We've just had a very uncomfortable few days with a couple of guests who'd come to look at the ruin and the land. Sarah ended up nearly chucking them out and said she'd rather work seven days a week for years than have them as neighbours. The woman was a bloody awful sanctimonious New Ager, absolutely no respect at all. I prefer "ordinary" people; fuck, I prefer people with really big tellies and who wash their cars on Sunday mornings!
Anyway, we've got some other people interested including a pretty sound French guy who'd make a good neighbour I think. We've set the "hippy filter" to maximum strength now - anyone named after a tree, a rock, a pagan festival or a heavenly body is out for a fucking start!

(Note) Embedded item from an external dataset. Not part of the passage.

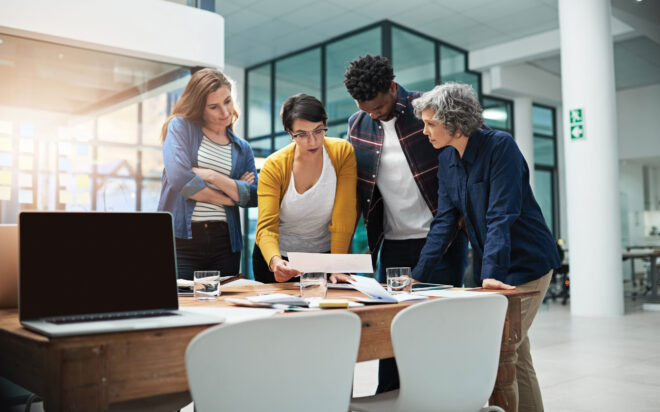 Diverse group of businesspeople looking at something over a conference table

Someone e-mailed us this morning saying that they loved the advert, but would wait a couple of months & if it was still unsold that might be the time! Fuck off! Her name was Saphire apparently. I should have put "fruitcakes need not apply" at the bottom of the ad!
How the hell did something so good as the original hippy ideal turn into such a nightmare. We've got kids round here called fucking Leaf and Tree - for fuck's sake. What next eh!